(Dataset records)
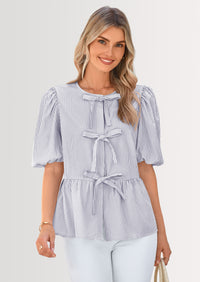 PRETTYGARDEN Women's Tie Front Striped Shirt Summer Trendy Fashion Cute Babydoll Tops Peplum Puffy Sleeve Blouse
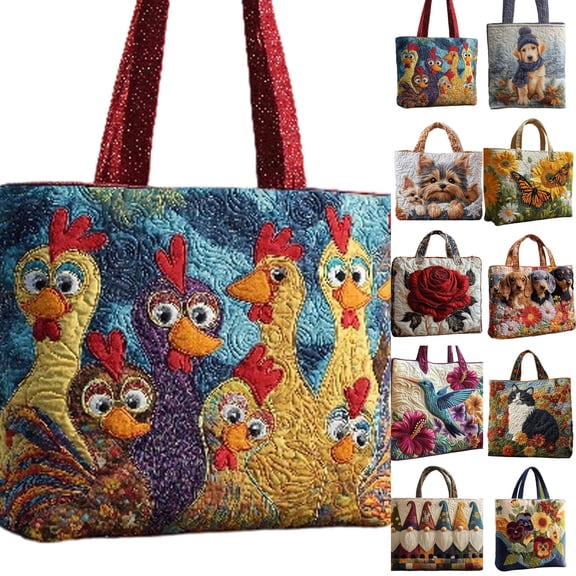 Evdexr 2026 Quilted tote Bags for Women Large Boho Vintage Chicken Book Floral Crossbody Quilt totes Oversized tote Bag Zipper Purses Handbag H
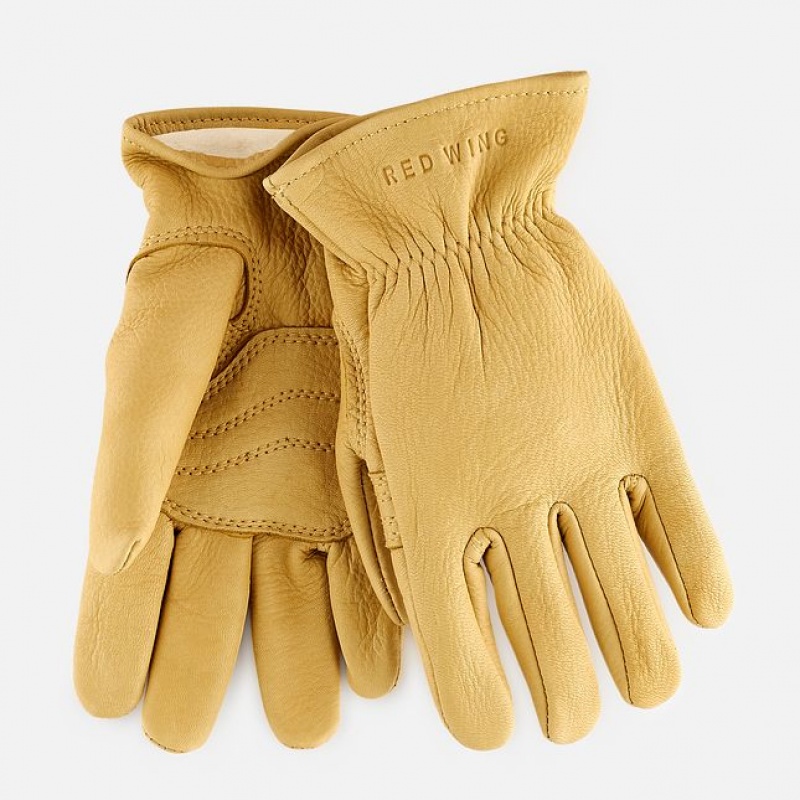 Red Wing Lined Buckskin Leather Gloves | MUBA-59704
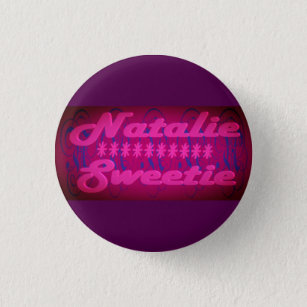 Natalie Sweetie design deep purple  3 Cm Round Badge
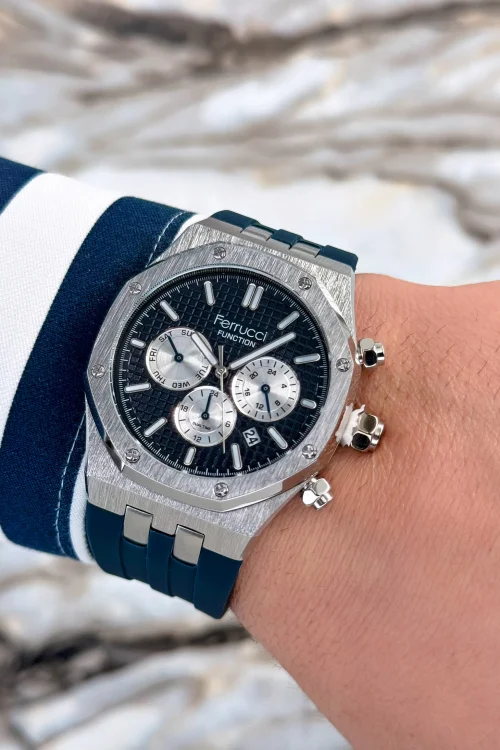 Ferrucci Mavi Silikon Kordon Çelik Kasa Function Erkek Kol Saati+Bileklik zmfer077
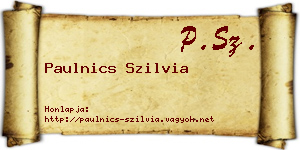 Paulnics Szilvia névjegykártya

### WHAT THE TASK REQUIRES:
From the line that holds "Evdexr 2026 Quilted" to the last line of the records, please copy each line exactly and nothing else. Pictures stay out.

### EXERCISE RESULT:
 Evdexr 2026 Quilted tote Bags for Women Large Boho Vintage Chicken Book Floral Crossbody Quilt totes Oversized tote Bag Zipper Purses Handbag H
 Red Wing Lined Buckskin Leather Gloves | MUBA-59704
 Natalie Sweetie design deep purple  3 Cm Round Badge
 Ferrucci Mavi Silikon Kordon Çelik Kasa Function Erkek Kol Saati+Bileklik zmfer077
 Paulnics Szilvia névjegykártya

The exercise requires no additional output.